Collaboration among competitors doesn't often make sense. But when it comes to fighting fraud and protecting the broader financial system, collaboration is a first line of defense.

Conventional wisdom suggests that check fraud should be in deep decline. After all, check usage has fallen somewhat in recent years. But check fraud remains a very real threat to credit unions and banks of all sizes. The 2011 American Bankers Association Deposit Account Fraud Survey Report revealed that, industry-wide, check fraud costs financial institutions nearly $900 million annually, with the leading causes being counterfeit checks, returned deposit items and forgeries. Sixty-eight percent of community institutions and 95% of mid-sized institutions are victimized each year.

In light of these disturbing figures, it is clear that all of us in the financial services industry share a common threat: fraudsters. This is important especially for small- and mid-sized institutions because they are particularly vulnerable to losses.

That vulnerability may have inadvertently increased last year following the implementation of the Dodd-Frank Act. Embedded in Dodd-Frank was a provision that amended Regulation CC to require banks make $200, rather than $100, available for withdrawal on the business day after deposit.

That provision of Dodd-Frank became effective in July 2011. In addition, in March 2011, the Federal Reserve Board proposed further changes to Regulation CC intended to expedite the availability of funds and the collection of checks.

While the Fed's changes have not yet been finalized, institutions are now “expected to comply” with Dodd-Frank, according to a Federal Reserve memo issued Aug. 15, 2011.

Although credit union executives support improved efficiencies in the payment systems, many have voiced concerns that the expedited availability of funds may leave them especially vulnerable because fraud losses could have a significant impact on the bottom line of smaller institutions.

How can credit unions protect themselves from fraud losses, while staying within the new expedited funds-availability requirements?

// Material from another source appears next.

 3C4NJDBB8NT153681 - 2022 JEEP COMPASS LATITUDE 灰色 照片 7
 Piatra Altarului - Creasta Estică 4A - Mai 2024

It is vital that all credit union staffers – from tellers to top-executives – review the six types of exception holds currently allowed by Reg CC, which are:

  • New accounts
  • Large deposits
  • Re-deposited checks
  • Repeated overdrafts
  • Emergency situations
  • Reasonable cause to doubt collectability

While most of these exception hold situations can be determined solely by the depositing institution, reasonable cause to doubt collectability can best be determined through sharing information with the paying institution.

By sharing information through a collaborative network, credit unions can be in a better position to meet the regulatory requirements for exception holds by sharing “the existence of facts that would cause a well-grounded belief in the mind of a reasonable person” that the check is uncollectible.

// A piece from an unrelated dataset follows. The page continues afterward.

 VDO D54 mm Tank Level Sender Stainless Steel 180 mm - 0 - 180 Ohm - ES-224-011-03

With 95% of mid-sized institutions being victimized by check fraud, credit unions must be proactive in protecting themselves. Today, it is common to find fraudsters working together across multiple channels and business lines.

They work in sophisticated rings, establishing what appear to be credible relationships across a network of institutions and across various lines of business. When they do attack, they exploit numerous channels including check, ACH, wire, online bill payment, cards and online account-to-account transfers.

In other words, fraudsters appear to support the value of collaboration in committing their crimes. If the credit union community intends to outpace today's bad guys, then it must also come together and collaborate through the effective use of today's cutting edge technologies. Only by doing so can we collectively create a safer and more secure financial system.

Lou Anne Alexander is chief market development officer for Early Warning Services LLC in Scottsdale, Ariz.